** Opening Excerpted data block **

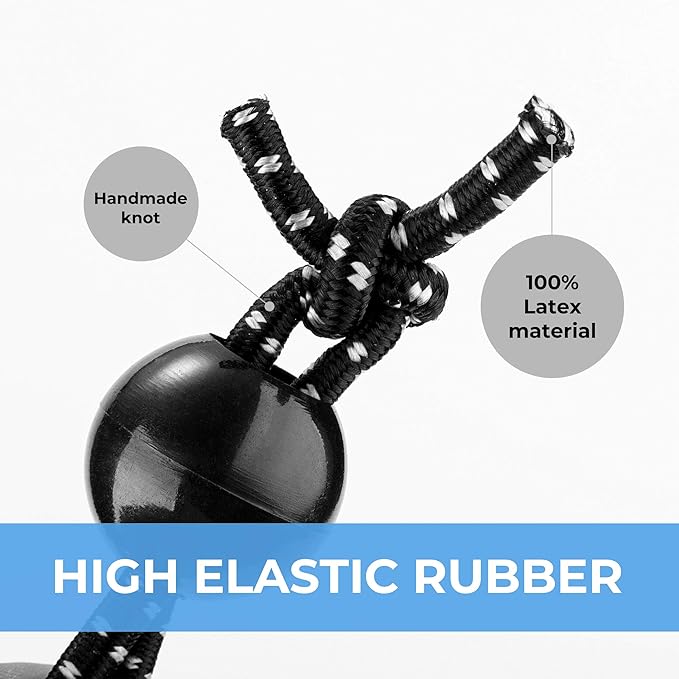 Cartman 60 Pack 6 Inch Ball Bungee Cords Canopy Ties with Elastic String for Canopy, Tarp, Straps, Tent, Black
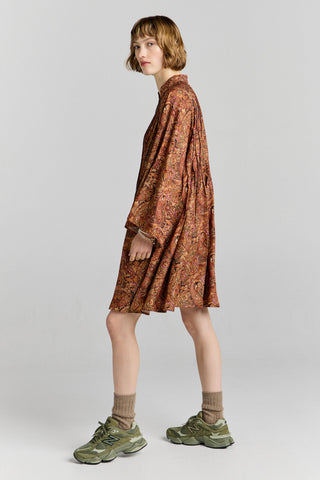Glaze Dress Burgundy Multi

** Closing Excerpted data block **
** Opening Excerpted data block **

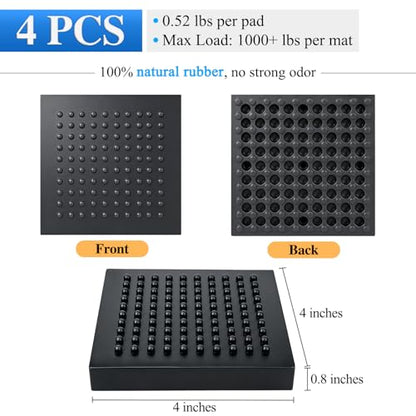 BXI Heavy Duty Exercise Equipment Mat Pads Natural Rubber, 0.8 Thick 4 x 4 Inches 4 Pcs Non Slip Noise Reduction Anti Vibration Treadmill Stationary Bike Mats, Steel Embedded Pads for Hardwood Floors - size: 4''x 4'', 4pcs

** Closing Excerpted data block **
** Opening Excerpted data block **

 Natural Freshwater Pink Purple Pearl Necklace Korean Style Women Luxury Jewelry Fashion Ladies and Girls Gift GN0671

** Closing Excerpted data block **

**Description of the task:**
Find the line with "Cartman 60 Pack" in the data above, and from there retype each line exactly through the line with "Glaze Dress Burgundy Multi", skipping the pictures along the way.

**Exercise output:**
 Cartman 60 Pack 6 Inch Ball Bungee Cords Canopy Ties with Elastic String for Canopy, Tarp, Straps, Tent, Black
Glaze Dress Burgundy Multi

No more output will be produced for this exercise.